How to complete this task: Leaving pictures out, repeat word for word the line that has "Mercedes-Benz E-Класс, 2019" and each line that follows it to the end of the listing.

Dataset content:
- - - - - - -

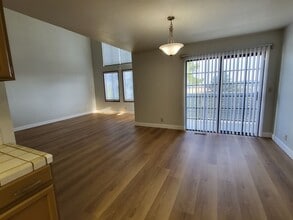 23 Dove Ln in Richmond, CA - Building Photo - Building Photo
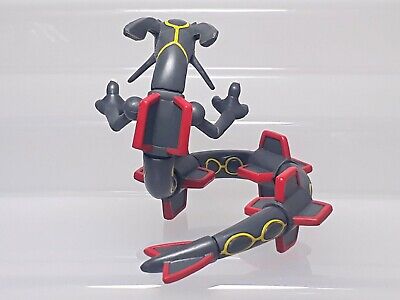 Black Shiny Rayquaza Pokemon Monster Collection Figure Takara Tomy G08 2.5in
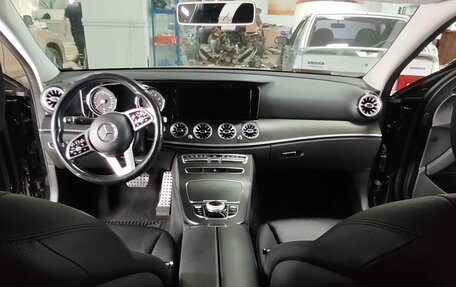 Mercedes-Benz E-Класс, 2019 год, 3 300 000 рублей, 10 фотография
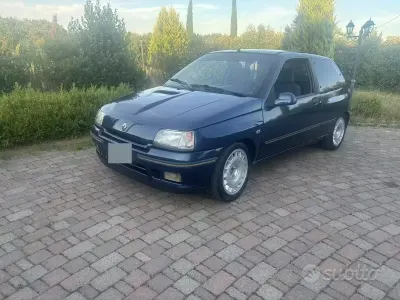 Usata Renault Clio 137 CV (100 kW) 1991 Bluazzurro Utilitaria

- - - - - - -

Response for this exercise:
 Mercedes-Benz E-Класс, 2019 год, 3 300 000 рублей, 10 фотография
 Usata Renault Clio 137 CV (100 kW) 1991 Bluazzurro Utilitaria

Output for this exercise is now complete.